START Data to use
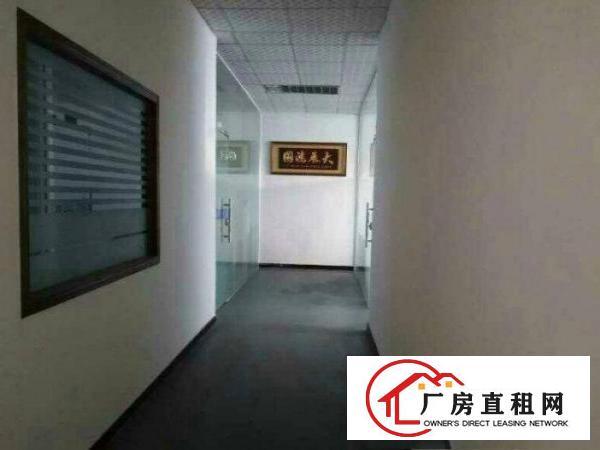 
		布吉康桥新出一楼400平，带行车厂房出租
	
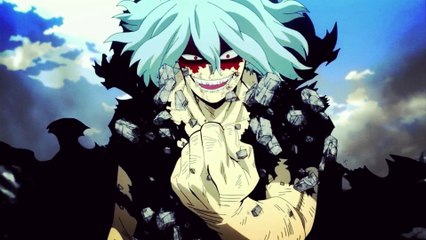 The psychology of anime villains beyond good and evil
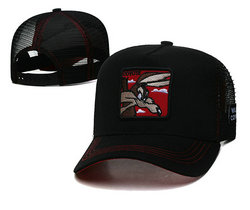 Cartoon Style Snapbacks Hats TY 111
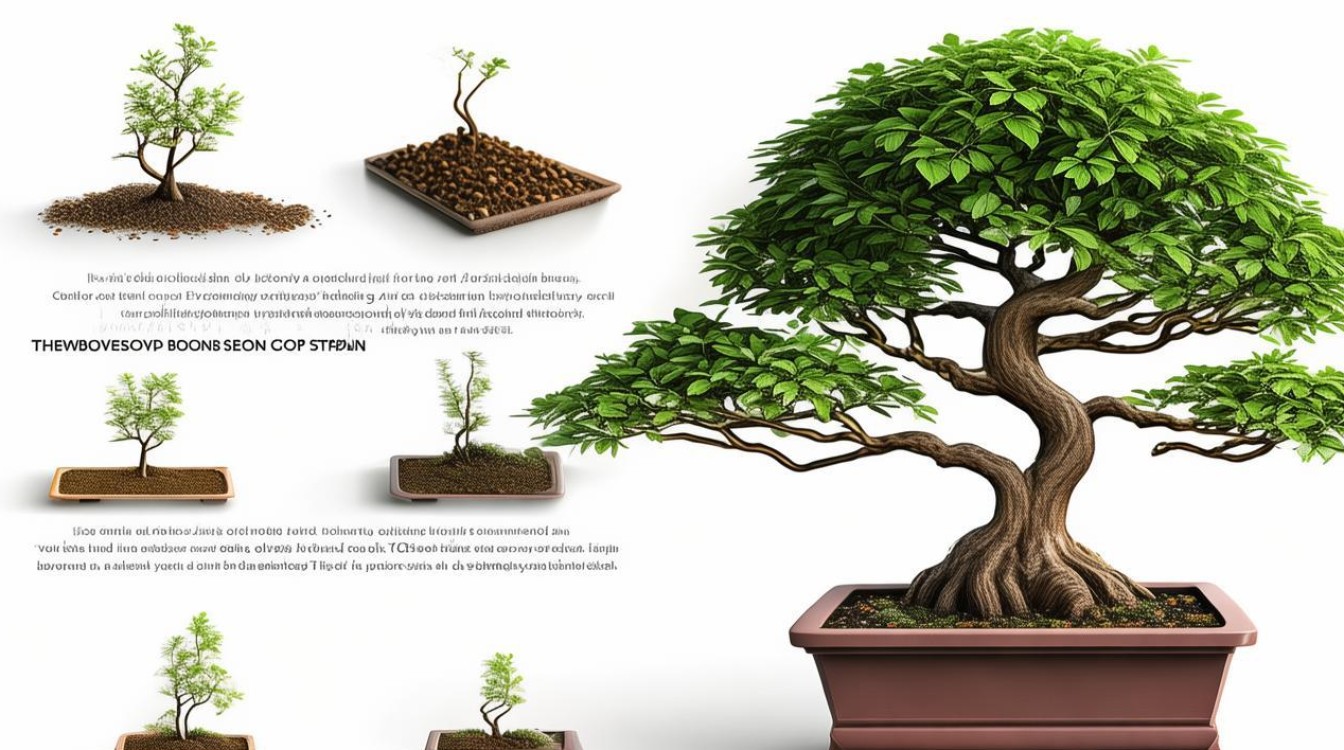 如何用山楂种子培育繁茂的盆栽？完整指南-图4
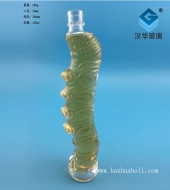120ml虫草星空真人酒星空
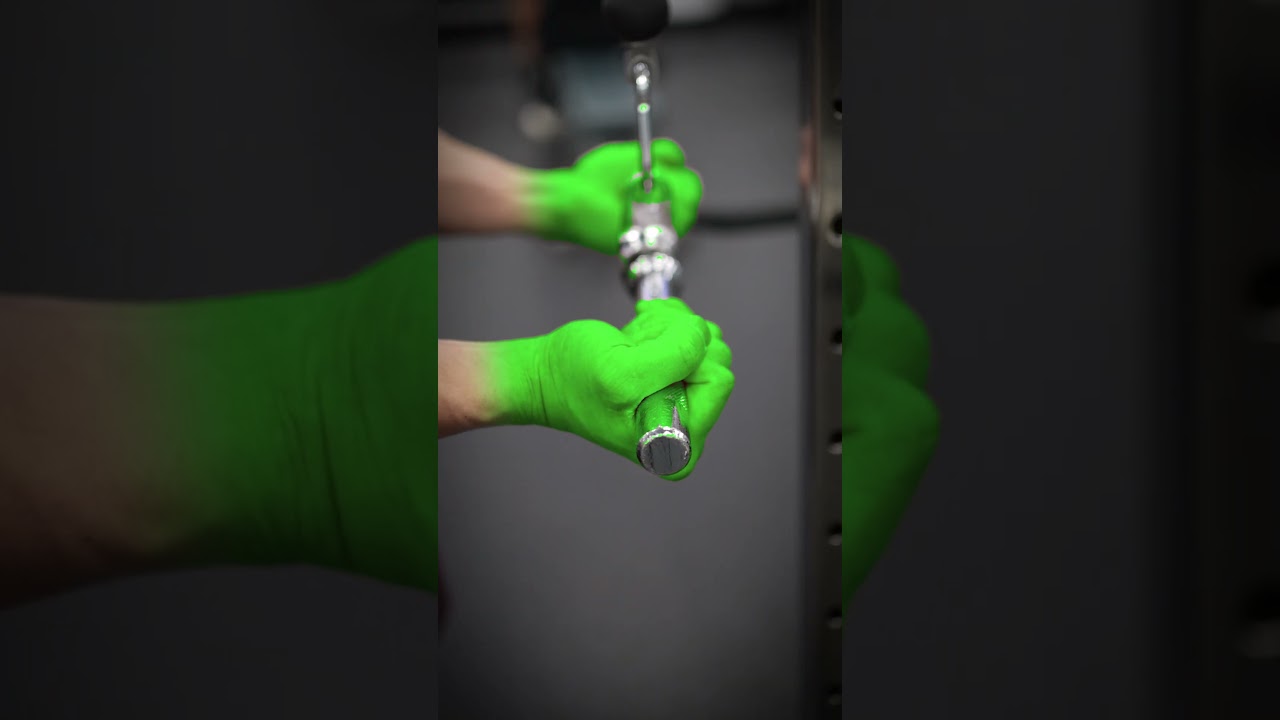 ✅ Do THESE to GROW Your Triceps!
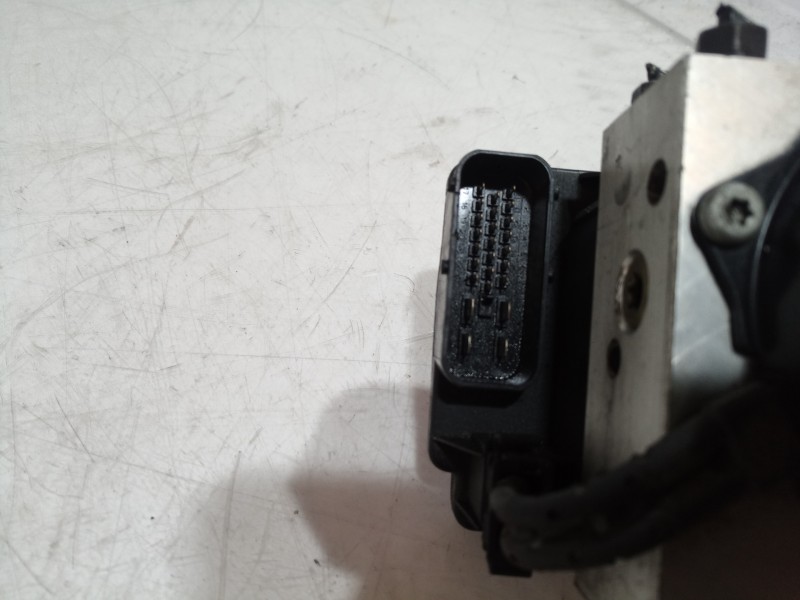 Recambio de abs para volkswagen golf iv berlina (1j1) 25 aniversario referencia OEM IAM 1J0614117C 1J0614117C 1J0614117C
END Data to use
## Exercise brief
After locating the line containing "120ml虫草星空真人酒星空" in the entries above, repeat only it and each later line through the end, exactly, without any pictures.

## Task solution
120ml虫草星空真人酒星空
 ✅ Do THESE to GROW Your Triceps!
 Recambio de abs para volkswagen golf iv berlina (1j1) 25 aniversario referencia OEM IAM 1J0614117C 1J0614117C 1J0614117C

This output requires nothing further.